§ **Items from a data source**
Start of Block

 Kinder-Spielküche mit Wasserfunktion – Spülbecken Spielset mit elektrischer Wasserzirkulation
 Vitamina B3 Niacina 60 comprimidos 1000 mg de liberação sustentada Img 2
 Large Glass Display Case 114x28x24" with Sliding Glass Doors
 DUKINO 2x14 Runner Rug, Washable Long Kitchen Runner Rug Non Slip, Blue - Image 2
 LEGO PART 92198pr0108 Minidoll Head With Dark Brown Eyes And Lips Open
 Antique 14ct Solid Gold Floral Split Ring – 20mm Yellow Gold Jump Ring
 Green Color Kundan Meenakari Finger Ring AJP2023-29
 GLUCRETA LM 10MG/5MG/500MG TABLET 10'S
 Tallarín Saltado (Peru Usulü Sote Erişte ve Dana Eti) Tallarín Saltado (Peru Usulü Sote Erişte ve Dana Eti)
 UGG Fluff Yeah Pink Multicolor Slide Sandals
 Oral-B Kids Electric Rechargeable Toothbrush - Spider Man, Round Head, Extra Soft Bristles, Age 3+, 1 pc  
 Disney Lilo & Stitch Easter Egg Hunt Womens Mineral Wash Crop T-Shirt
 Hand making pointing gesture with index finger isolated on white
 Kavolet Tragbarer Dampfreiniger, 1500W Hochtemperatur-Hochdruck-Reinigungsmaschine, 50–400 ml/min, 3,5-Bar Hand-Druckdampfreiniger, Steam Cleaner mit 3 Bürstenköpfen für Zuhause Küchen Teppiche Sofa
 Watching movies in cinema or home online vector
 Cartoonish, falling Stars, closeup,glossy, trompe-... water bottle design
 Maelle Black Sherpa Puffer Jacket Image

End of Block

§ **REQUIREMENT**
Retype every line up to and including the one that contains "Tallarín Saltado (Peru Usulü Sote Erişte ve Dana Eti) Tallarín", beginning at the first line of the records, with no edits.

§ **TASK OUTPUT**
 Kinder-Spielküche mit Wasserfunktion – Spülbecken Spielset mit elektrischer Wasserzirkulation
 Vitamina B3 Niacina 60 comprimidos 1000 mg de liberação sustentada Img 2
 Large Glass Display Case 114x28x24" with Sliding Glass Doors
 DUKINO 2x14 Runner Rug, Washable Long Kitchen Runner Rug Non Slip, Blue - Image 2
 LEGO PART 92198pr0108 Minidoll Head With Dark Brown Eyes And Lips Open
 Antique 14ct Solid Gold Floral Split Ring – 20mm Yellow Gold Jump Ring
 Green Color Kundan Meenakari Finger Ring AJP2023-29
 GLUCRETA LM 10MG/5MG/500MG TABLET 10'S
 Tallarín Saltado (Peru Usulü Sote Erişte ve Dana Eti) Tallarín Saltado (Peru Usulü Sote Erişte ve Dana Eti)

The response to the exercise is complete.